-- Data for processing --
_ _ _ _ _

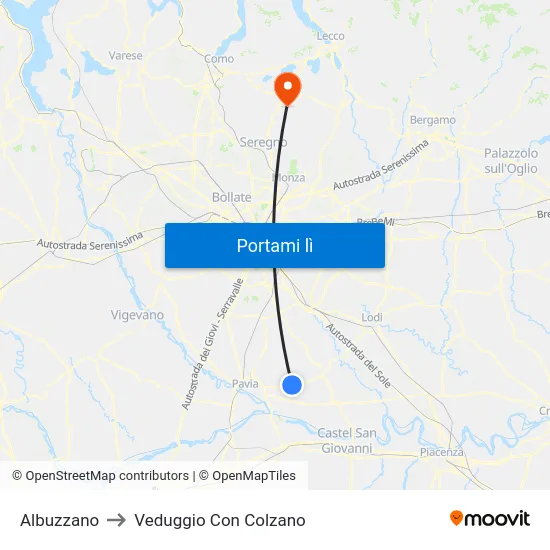 Albuzzano to Veduggio Con Colzano map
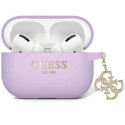 Guess GUAP2LECG4U AirPods Pro 2 (2022/2023) cover purple/purple Liquid Silicone Glitter Triangle Cha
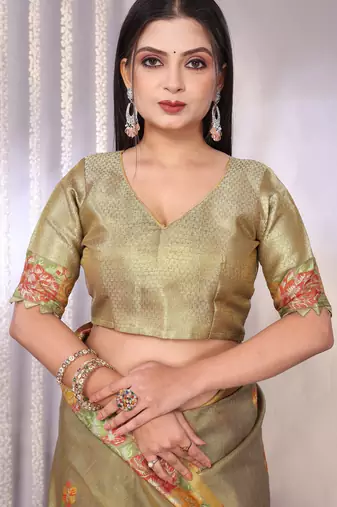 Multicolor plain tissue tissue-sarees saree with blouse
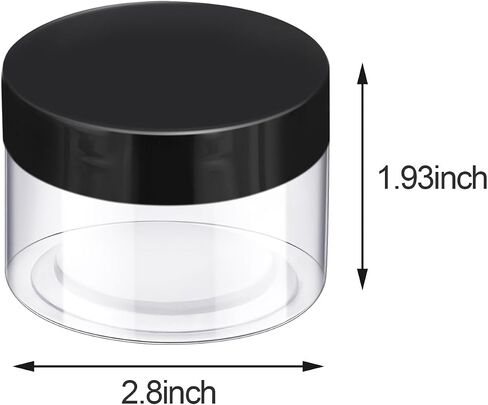 6 Pack Clear Container with Lids Small Plastic Pot Jars Wide Mouth Round Leak Proof Plastic Container Jars with Lid for Travel Storage, Eye Shadow, Nails, Paint, Jewelry (1 oz, Black) in Saudi Arabia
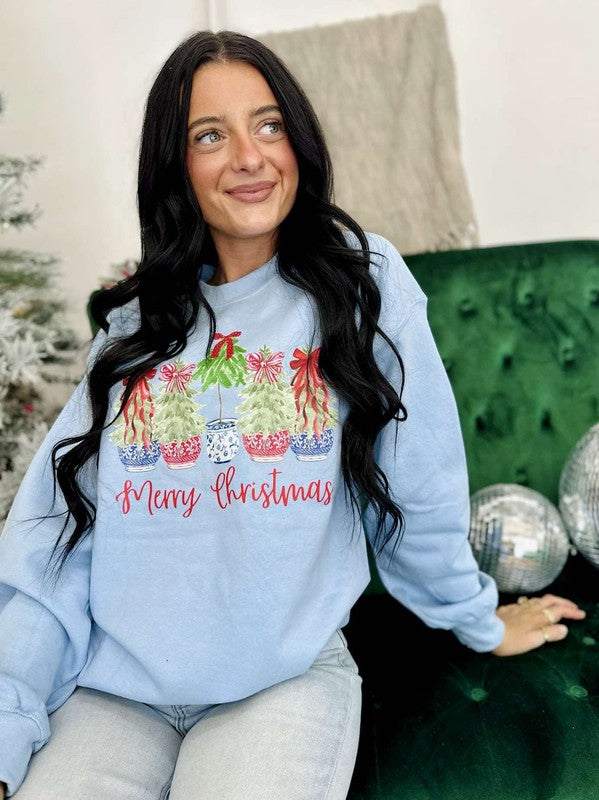 Merry Christmas With Tree's In Chino Pots DTF SWSH product image 1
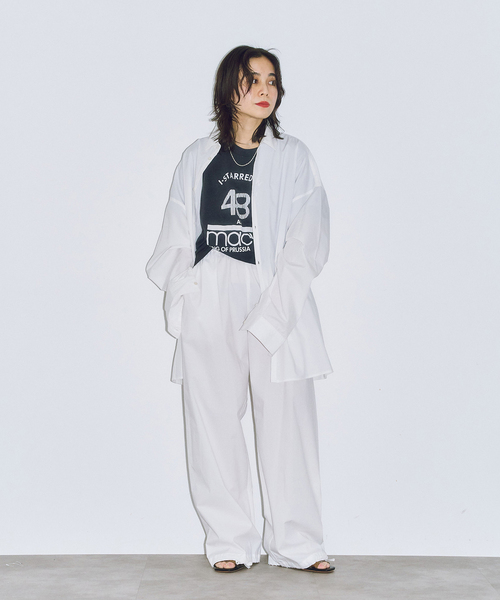 CITYSHOP（シティーショップ）の「OVERシャツ（シャツ/ブラウス・レディース・ホワイト/ブラック・FREE）」の16枚目の写真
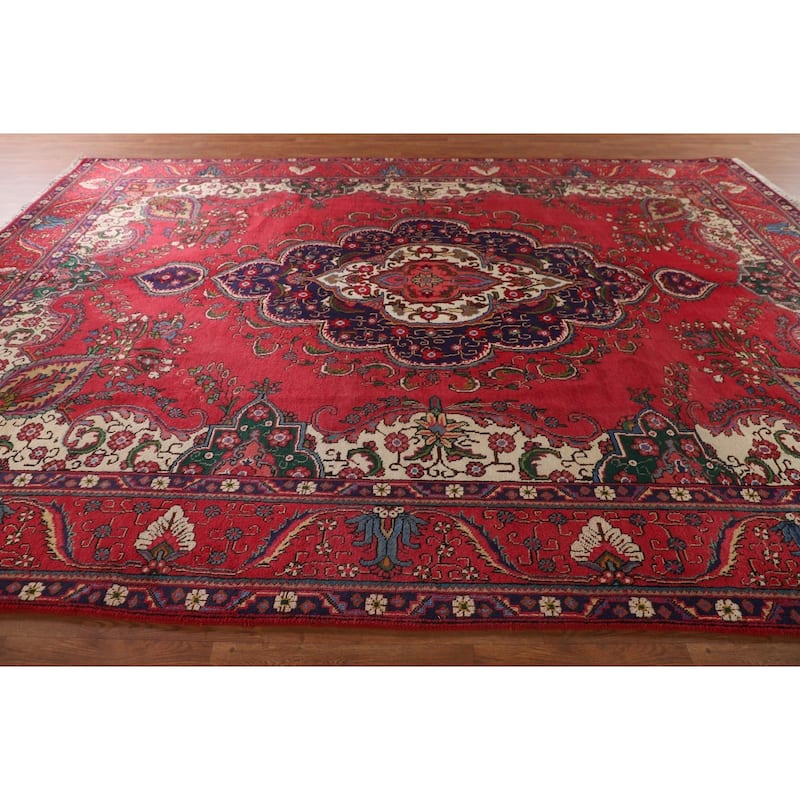 Tabriz Persian Vintage Area Rug Handmade Wool Carpet - 9'6"x 13'0"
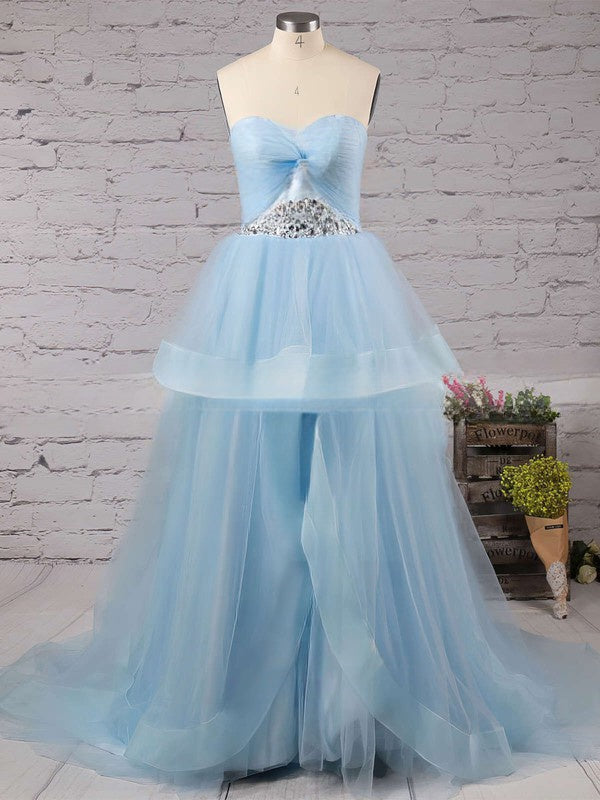 Princess Sweetheart Tulle Court Train Beading Prom Dresses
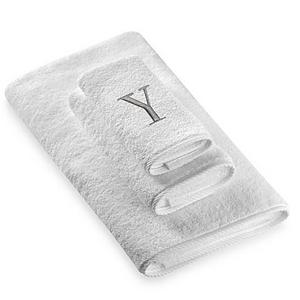 Avanti Premier Silver Block Monogram Letter "Y" Hand Towel in White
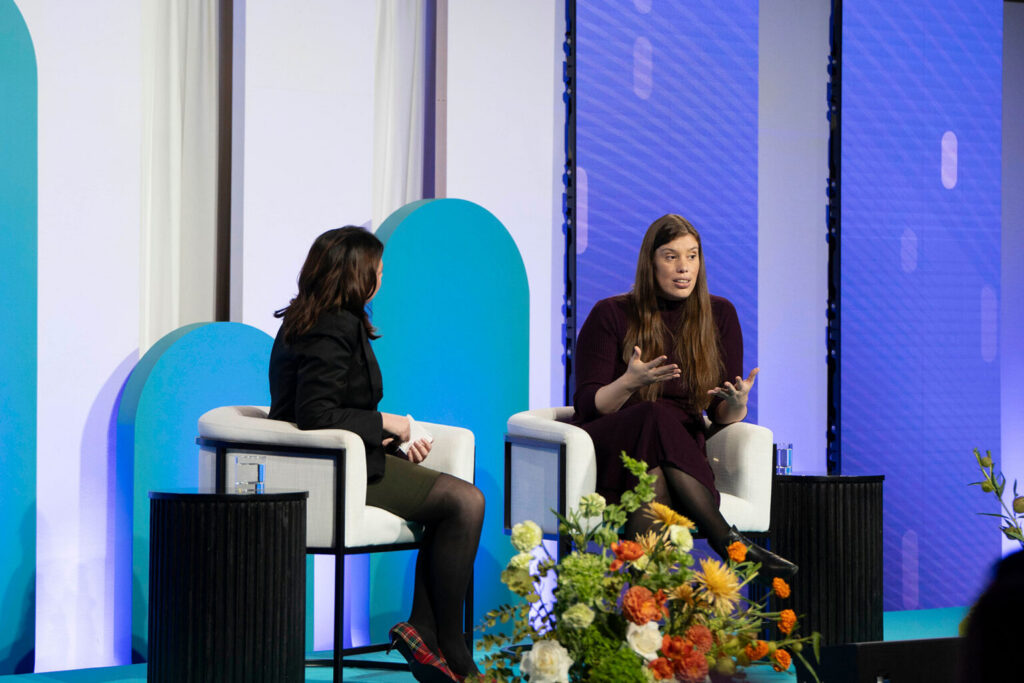 Former SRTX CEO Katherine Homuth speaks with reporter Anita Balakrishnan on stage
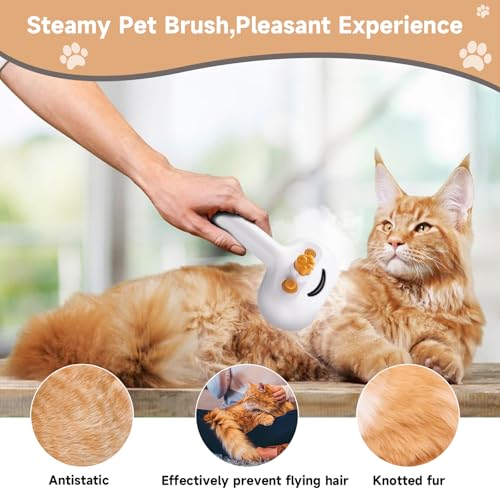 Pet Steam Brush for Dog & Cat – 3-in-1 Spray Hair Removal Comb for Shedding & Grooming, Softens Fur & Reduces Static – Water Brush for Long & Short Coats, Bath-Hating Pets, Includes Waterless Shampoo - size: 7.8″-20ML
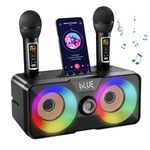 Karaoke Machine for Adults Kids with 2 UHF Wireless Microphones,Portable Bluetooth Singing PA Speaker System with LED Lights for Home Party,Outdoor/Indoor/Wedding,Church,Picnic,Birthday Gifts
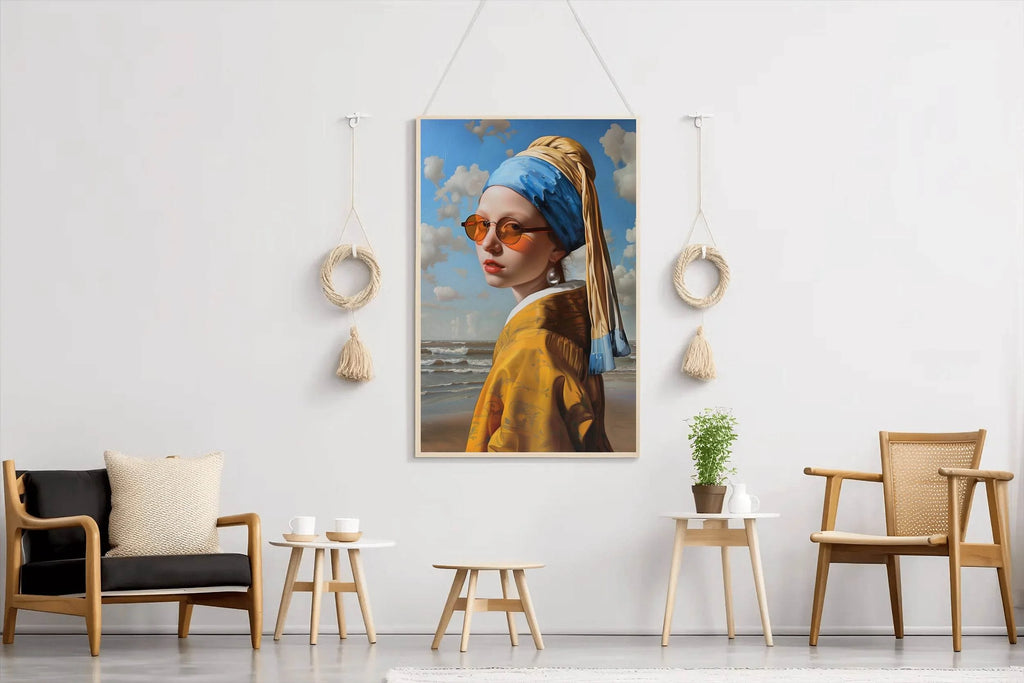 Vermeer's Girl with a Pearl Earring on the beach Wall Art - beink online art store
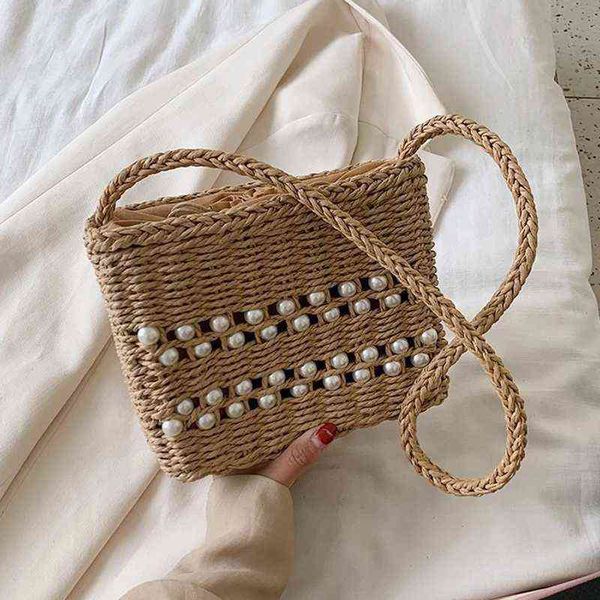 

shopping bags beach straw crossbody for women new handmade woven vacation handbag ladies shoulder bag sac a main 220309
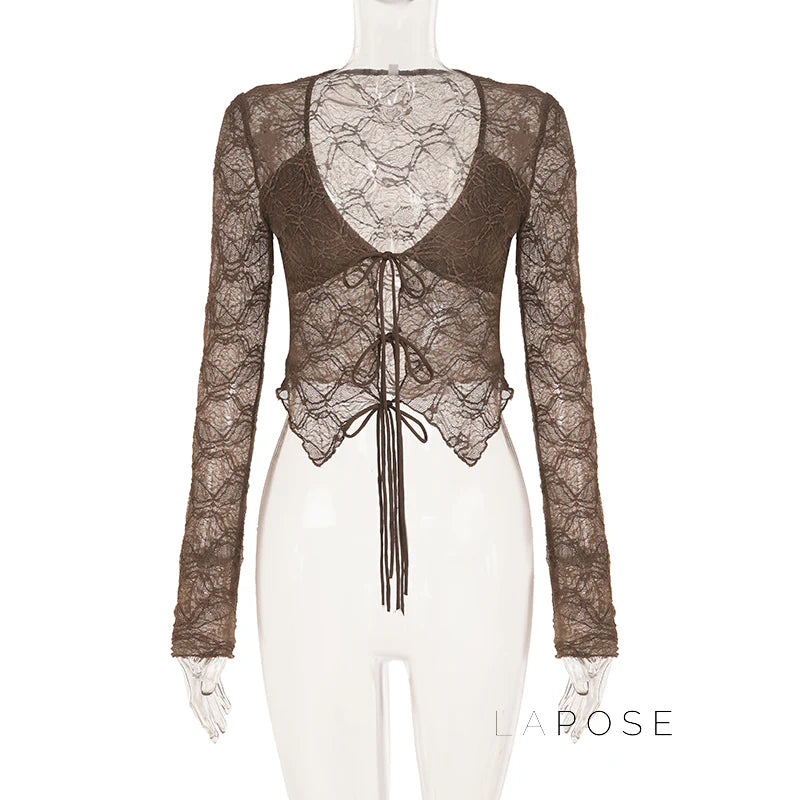 Xaria Sheer Lace-Up Cardigan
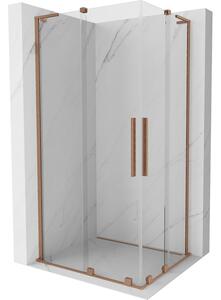 Mexen Velar L Duo, cabină de duș cu ușă glisantă 90 x 80 cm, sticlă transparentă de 8 mm, cupru mat, 871-090-080-02-03-65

_ _ _ _ _

Reproduce every line above exactly as written, omitting the images.

-- Written response --
 Albuzzano to Veduggio Con Colzano map
 Guess GUAP2LECG4U AirPods Pro 2 (2022/2023) cover purple/purple Liquid Silicone Glitter Triangle Cha
 Multicolor plain tissue tissue-sarees saree with blouse
 6 Pack Clear Container with Lids Small Plastic Pot Jars Wide Mouth Round Leak Proof Plastic Container Jars with Lid for Travel Storage, Eye Shadow, Nails, Paint, Jewelry (1 oz, Black) in Saudi Arabia
 Merry Christmas With Tree's In Chino Pots DTF SWSH product image 1
 CITYSHOP（シティーショップ）の「OVERシャツ（シャツ/ブラウス・レディース・ホワイト/ブラック・FREE）」の16枚目の写真
 Tabriz Persian Vintage Area Rug Handmade Wool Carpet - 9'6"x 13'0"
 Princess Sweetheart Tulle Court Train Beading Prom Dresses
 Avanti Premier Silver Block Monogram Letter "Y" Hand Towel in White
 Former SRTX CEO Katherine Homuth speaks with reporter Anita Balakrishnan on stage
 Pet Steam Brush for Dog & Cat – 3-in-1 Spray Hair Removal Comb for Shedding & Grooming, Softens Fur & Reduces Static – Water Brush for Long & Short Coats, Bath-Hating Pets, Includes Waterless Shampoo - size: 7.8″-20ML
 Karaoke Machine for Adults Kids with 2 UHF Wireless Microphones,Portable Bluetooth Singing PA Speaker System with LED Lights for Home Party,Outdoor/Indoor/Wedding,Church,Picnic,Birthday Gifts
 Vermeer's Girl with a Pearl Earring on the beach Wall Art - beink online art store

shopping bags beach straw crossbody for women new handmade woven vacation handbag ladies shoulder bag sac a main 220309
 Xaria Sheer Lace-Up Cardigan
 Mexen Velar L Duo, cabină de duș cu ușă glisantă 90 x 80 cm, sticlă transparentă de 8 mm, cupru mat, 871-090-080-02-03-65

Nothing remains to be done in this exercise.